Low-Code Exploratory Data Analysis with Bamboolib in Databricks
August 14, 2022 in Platform Blog
We are very excited to announce that the public preview of bamboolib in the Databricks Notebook begins today! It is available with the Databricks Runtime (DBR) 11.0+ on AWS and Azure and with DBR 11.1+ on GCP, and getting started is as easy as using the following code snippet in the Notebook:
%pip install bamboolib # new cell import bamboolib as bam # optional new cell bam
What is bamboolib?
Bamboolib is a low-code tool that provides a graphical user interface for the capabilities of pandas, the standard Python data science library everyone knows and loves. Using bamboolib, you have all the power of code-first data science at your fingertips without the need to write the code yourself. This means you can
- access and load your data from database tables or CSV files;
- wrangle and transform your data from its raw form into clean, organized data that is ready for investigation; and
- explore, visualize, and analyze your data to uncover key insights that deliver outsized impact to your business.
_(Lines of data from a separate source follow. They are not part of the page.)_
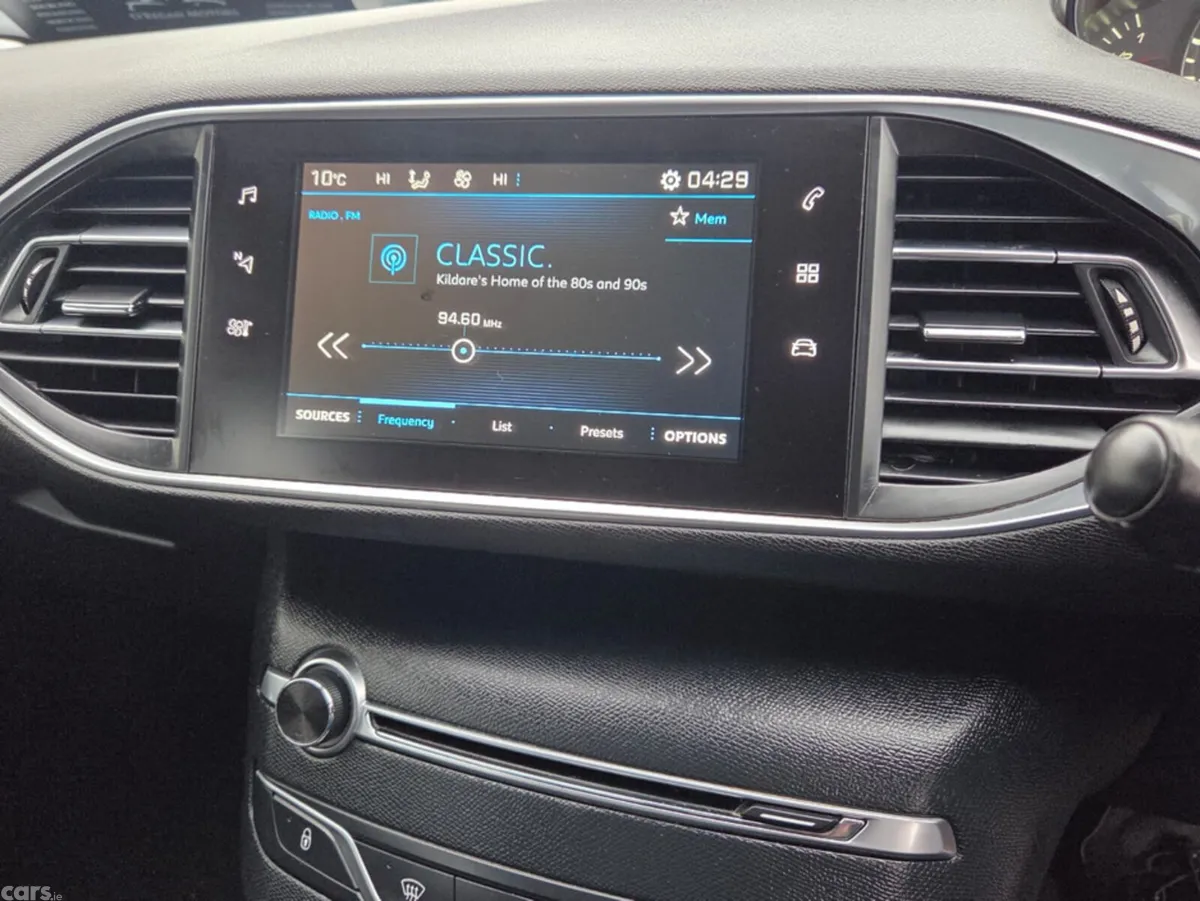 Peugeot 308 Estate, Diesel, 2018, Red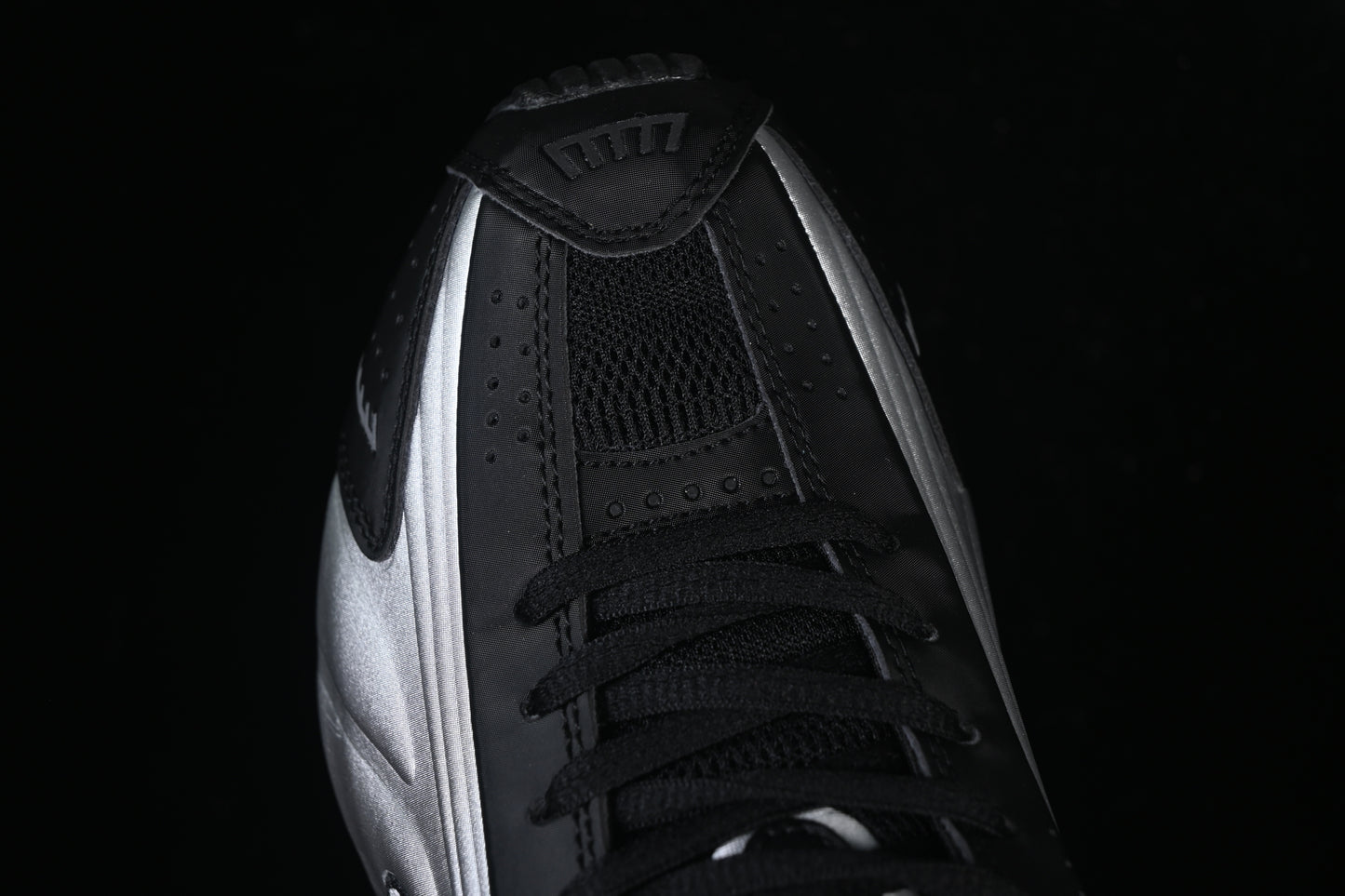 Nike Shox R4 Black Metallic Silver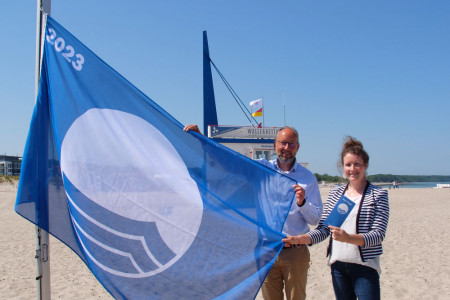 Tourismusdirektor Matthias Fromm und Denise Johannsson von der Tourismuszentrale freuen sich über drei Blaue Flaggen für die Rostocker Strände. 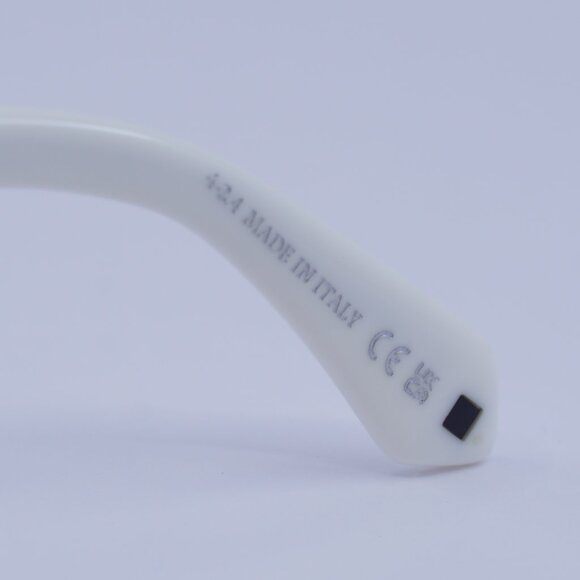 Off-White OERI13X VALDEZ 0107 Sunglasses White Square Frame, Dark Grey Lenses - Picture 6 of 10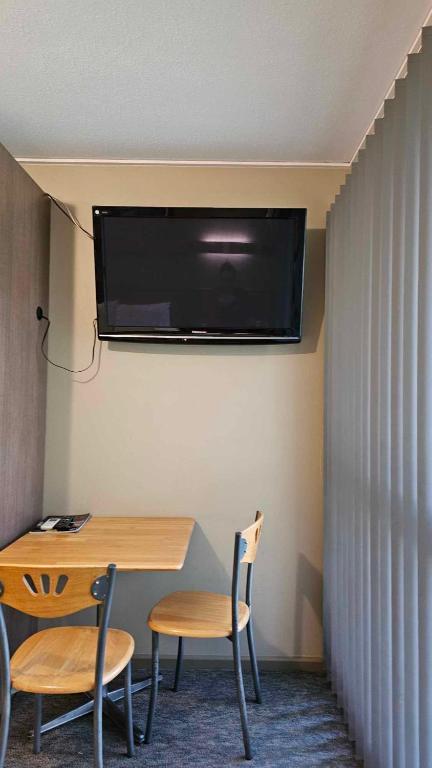 TV a/nebo společenská místnost v ubytování The Bright Motor Inn
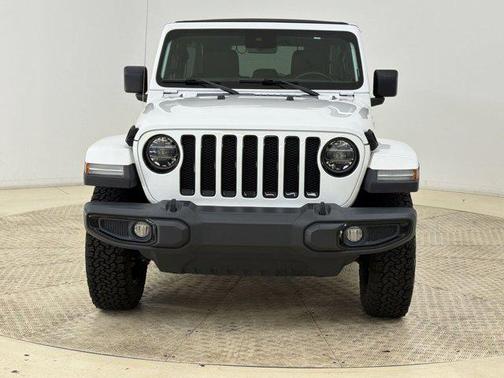 Bright White Clearcoat 2021 Jeep Wrangler Unlimited Sahara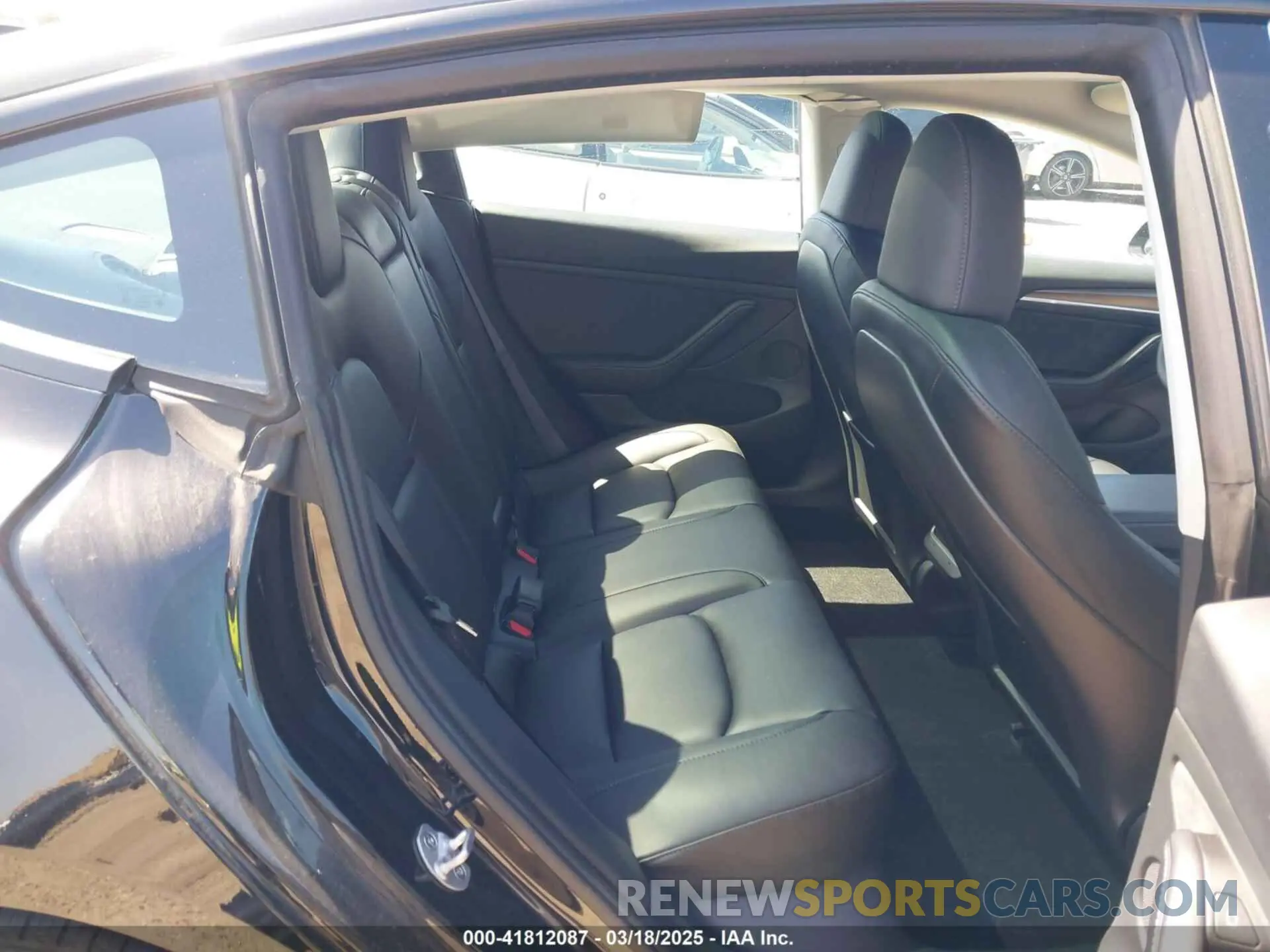 8 Photograph of a damaged car 5YJ3E1EA9PF706837 TESLA MODEL 3 2023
Bamboolib accomplishes this with a glass-box approach to low-code analysis: it generates the underlying pandas code for each of these analytics operations, ensuring that you can reproduce the results of any analysis you perform with the UI. And, when the technique you want to use is not natively available in bamboolib, you can easily expand its capabilities with bamboolib's plugin framework.
NOTE: As we mentioned above, bamboolib is a low-code tool which uses the pandas library under the hood. This means you are limited to the size of data that can be stored in the memory of the compute resource you use (specifically, the cluster driver in Databricks). If you'd like to have access to larger data or support for Spark in bamboolib, we'd love to hear your feedback!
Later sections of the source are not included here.